Pictures with short captions:

=== Section Start ===

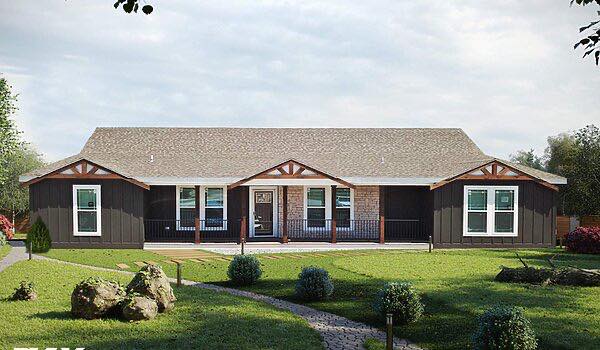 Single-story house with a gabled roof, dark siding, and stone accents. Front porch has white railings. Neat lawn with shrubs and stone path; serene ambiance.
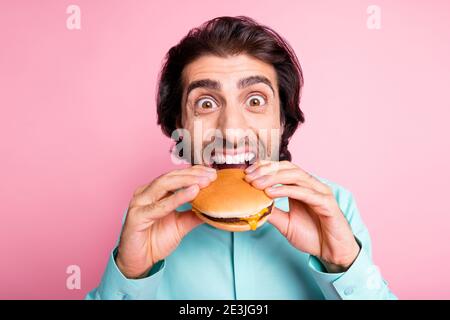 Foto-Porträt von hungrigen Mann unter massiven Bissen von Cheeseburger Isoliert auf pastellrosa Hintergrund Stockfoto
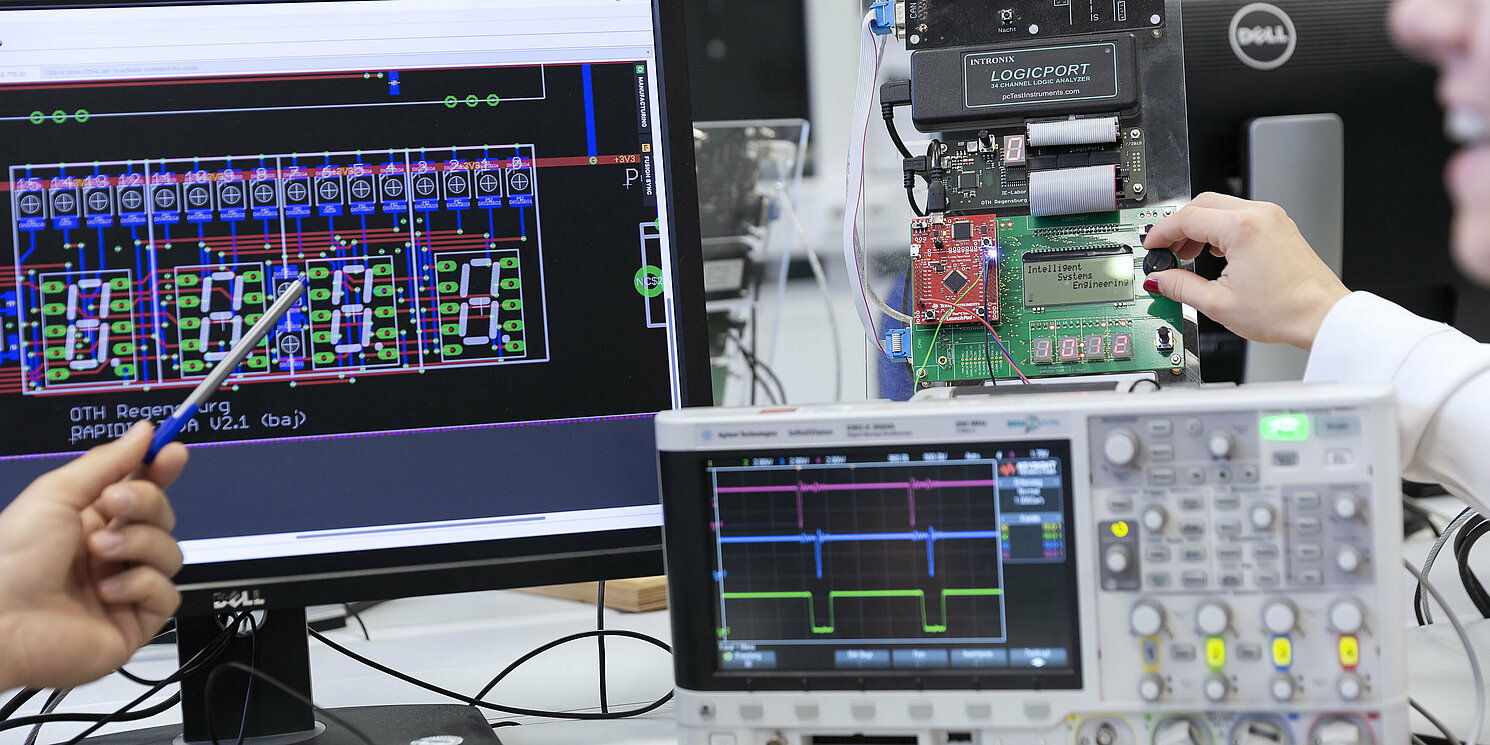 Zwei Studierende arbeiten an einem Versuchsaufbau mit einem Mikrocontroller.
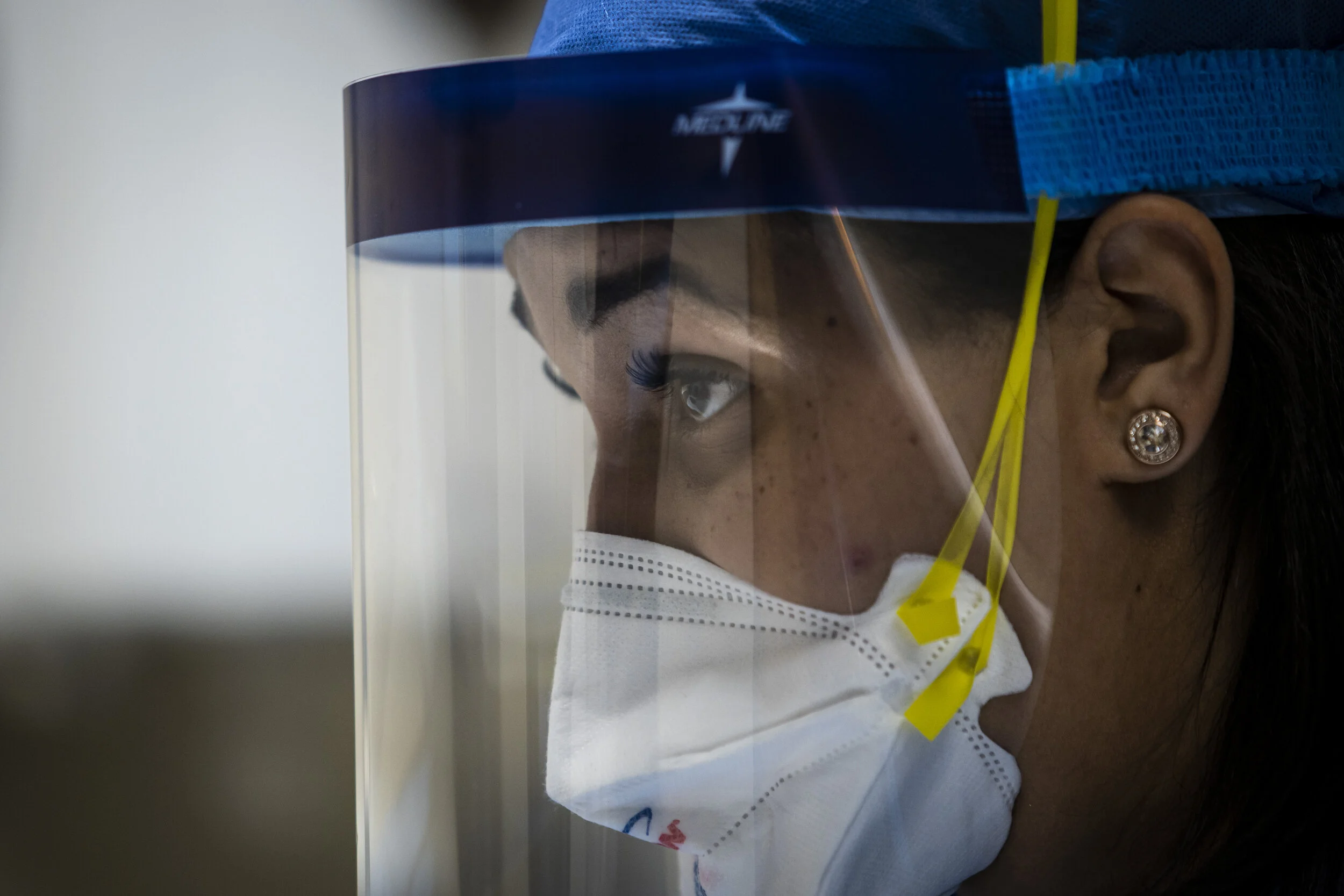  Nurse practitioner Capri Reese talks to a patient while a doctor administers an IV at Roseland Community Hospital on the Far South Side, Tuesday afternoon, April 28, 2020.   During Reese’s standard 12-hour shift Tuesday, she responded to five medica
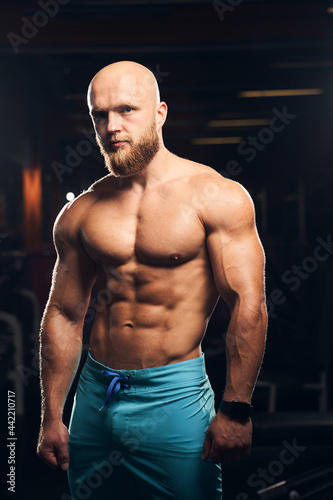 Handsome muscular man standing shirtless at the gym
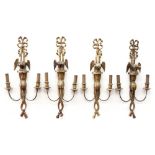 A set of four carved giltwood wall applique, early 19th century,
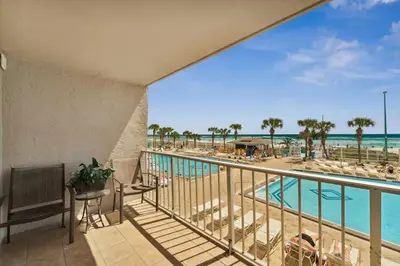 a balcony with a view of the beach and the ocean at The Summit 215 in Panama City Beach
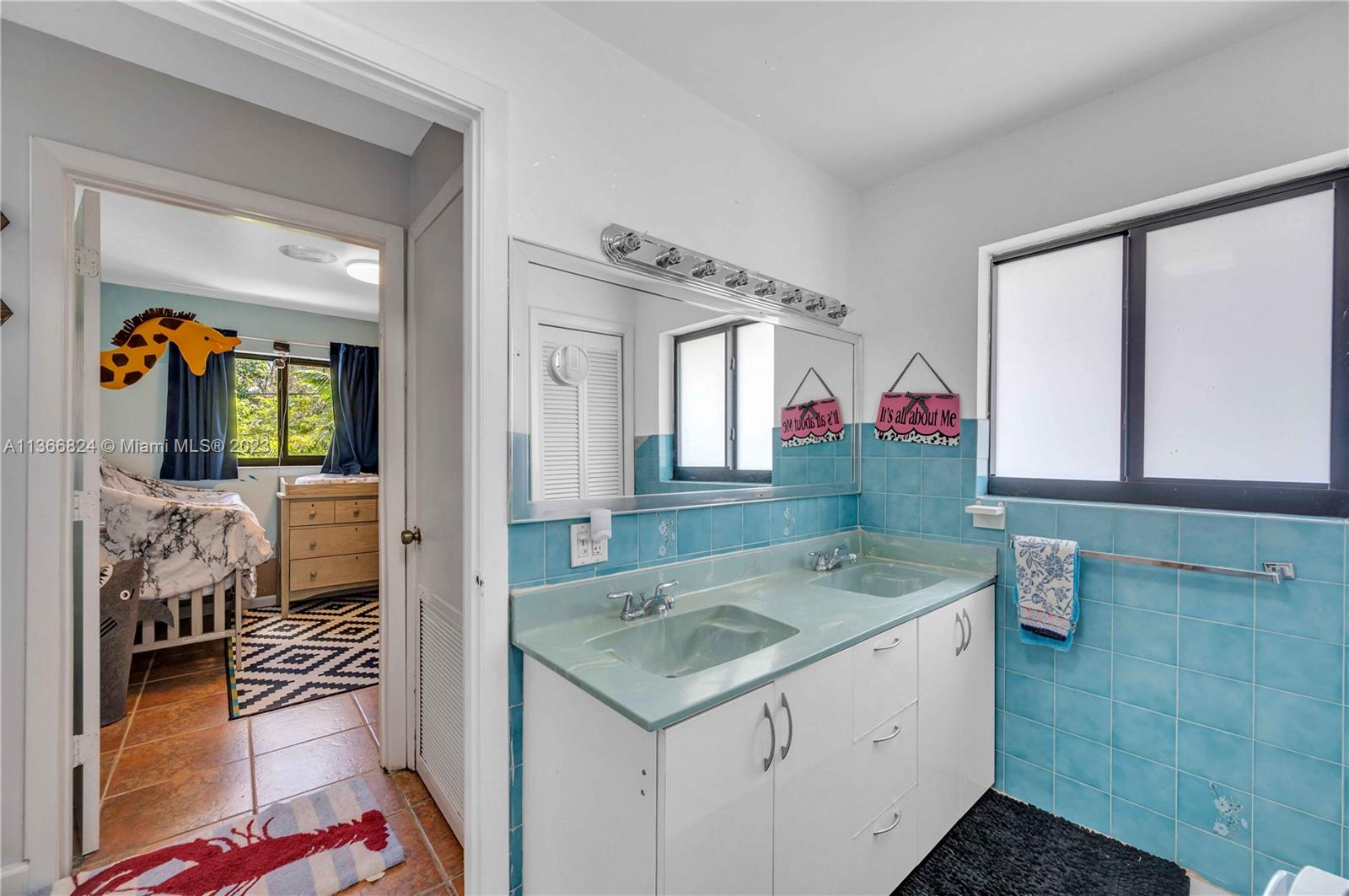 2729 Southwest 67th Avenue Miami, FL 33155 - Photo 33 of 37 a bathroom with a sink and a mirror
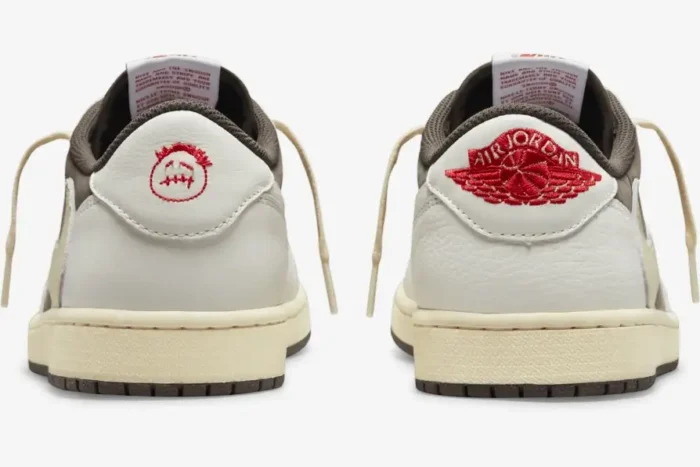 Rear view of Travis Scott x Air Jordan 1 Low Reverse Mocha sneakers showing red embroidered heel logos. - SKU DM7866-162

=== Section End ===

● EXERCISE REQUIREMENTS
Please copy the data above word for word, but only from the line that contains "A set of four" through the final line, both included, and without the pictures.

● RESPONSE BOX
 A set of four carved giltwood wall applique, early 19th century,
 a balcony with a view of the beach and the ocean at The Summit 215 in Panama City Beach
 2729 Southwest 67th Avenue Miami, FL 33155 - Photo 33 of 37 a bathroom with a sink and a mirror
 Rear view of Travis Scott x Air Jordan 1 Low Reverse Mocha sneakers showing red embroidered heel logos. - SKU DM7866-162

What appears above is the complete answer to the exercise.